**ABOUT THIS TASK**. Copying rule for the data below: pictures stay out, and only the lines from the one with "Dodge 68027849AA CLAMP" down to the one with "adidas victory league", inclusive, are repeated exactly.

[Start of Attachment]

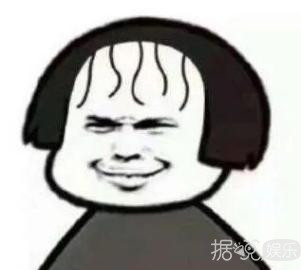 非主流时期的照片都能这么好看，这大概就是明星吧？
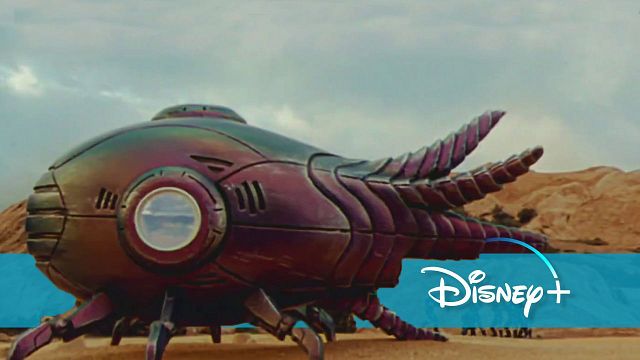 bild aus der news In 4 Tagen startet "die beste MCU-Serie, die noch keiner gesehen hat": Deutscher Trailer zu Marvels "Wonder Man"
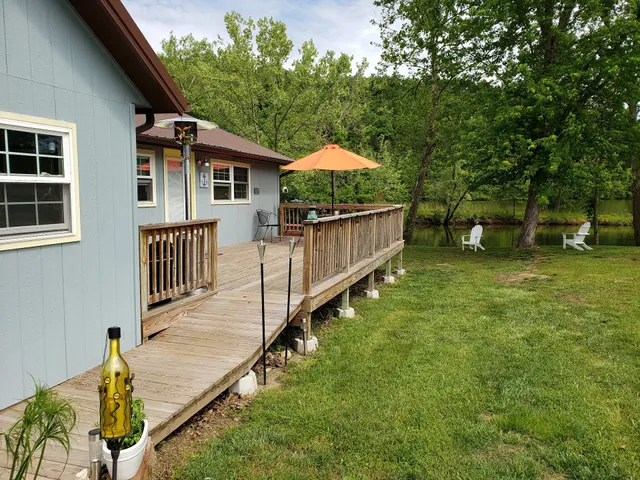 Drop Anchor Resort Motel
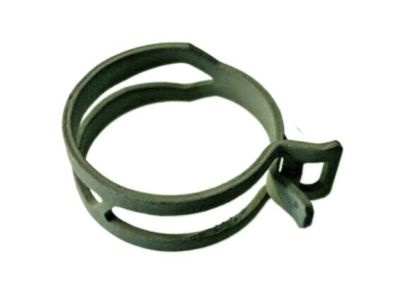 Dodge 68027849AA CLAMP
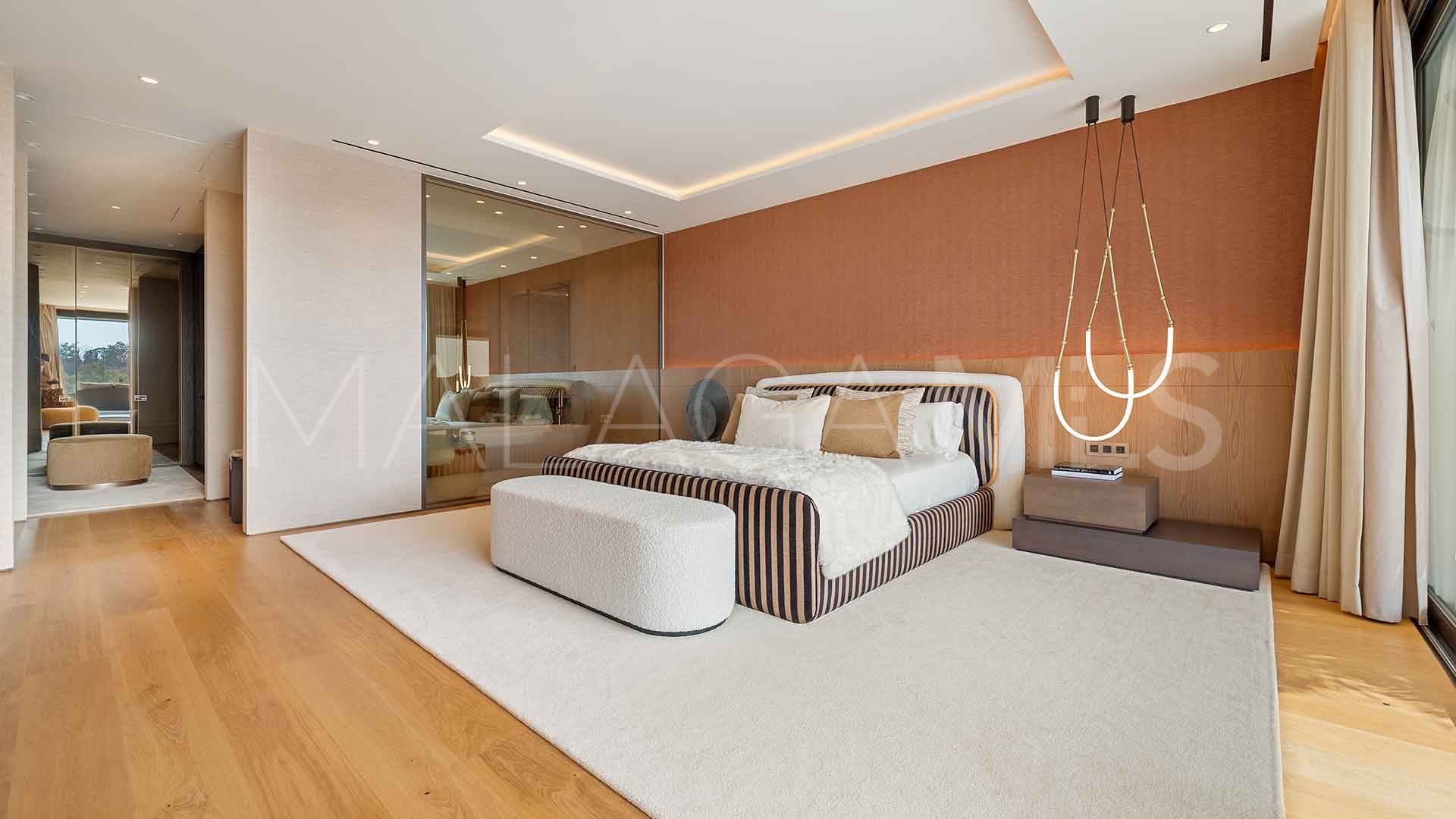 Penthaus for sale in Epic Marbella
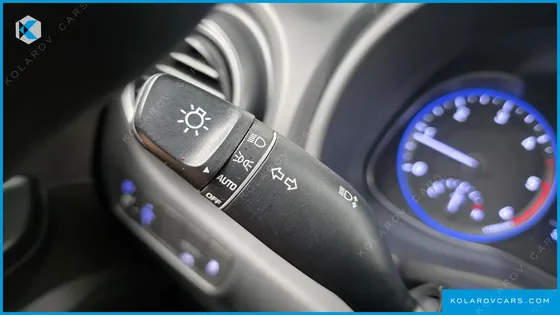 HYUNDAI KONA DIESEL 1.6 2WD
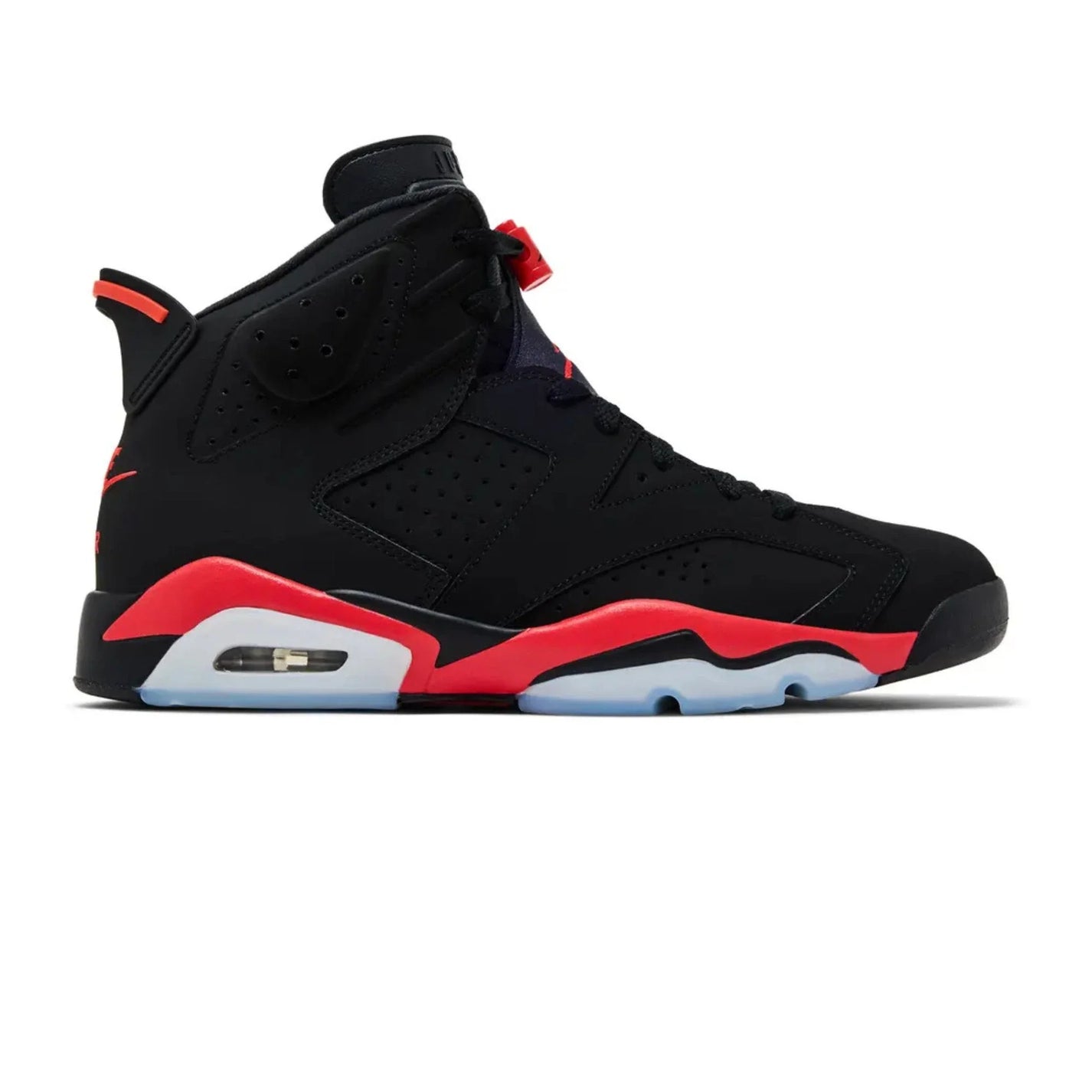 Air Jordan 6 Retro 'Reverse Infrared Salesman' (2026)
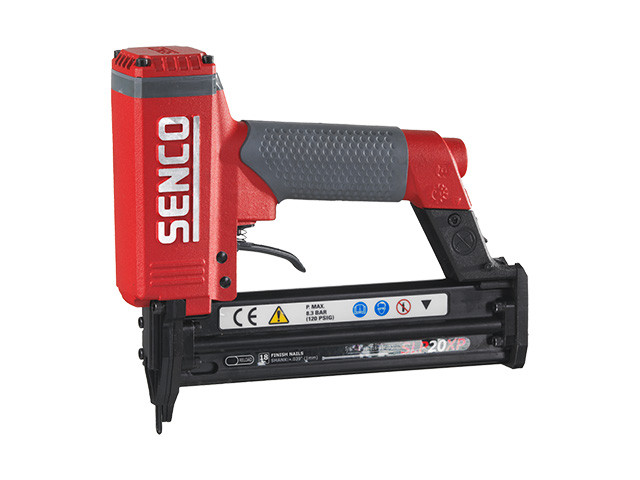 Senco SLP20 XP (AX/AY brads) - luchttacker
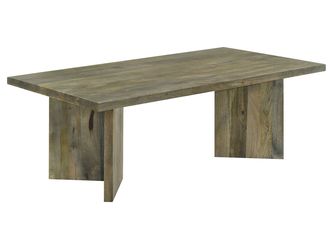Andando Mango Brown Coffee Table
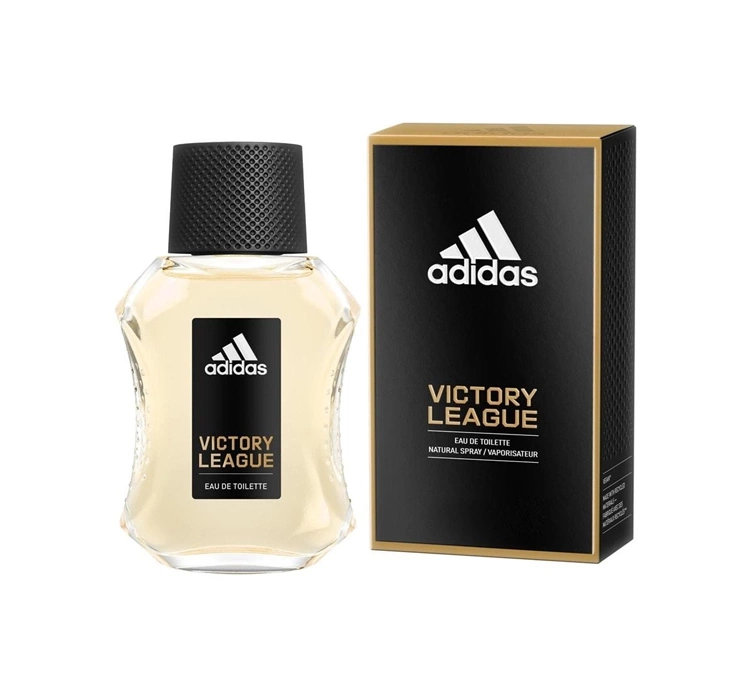 adidas victory league woda toaletowa 50 ml    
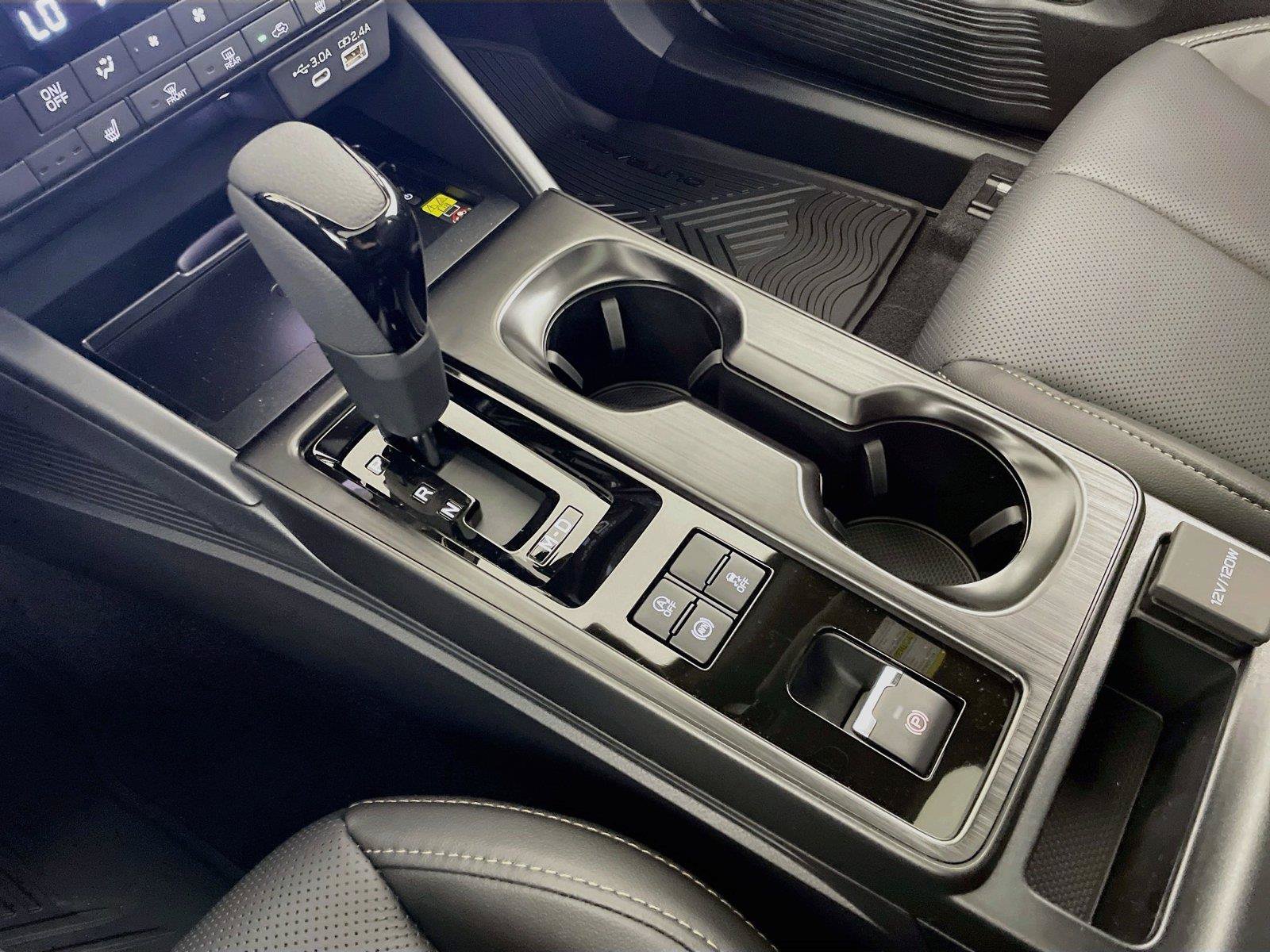 New 2026 Subaru Outback Limited AWD/4WD image 15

[End of Attachment]

**ANSWER TO THE PROBLEM**.
 Dodge 68027849AA CLAMP
 Penthaus for sale in Epic Marbella
 HYUNDAI KONA DIESEL 1.6 2WD
 Air Jordan 6 Retro 'Reverse Infrared Salesman' (2026)
 Senco SLP20 XP (AX/AY brads) - luchttacker
Andando Mango Brown Coffee Table
 adidas victory league woda toaletowa 50 ml    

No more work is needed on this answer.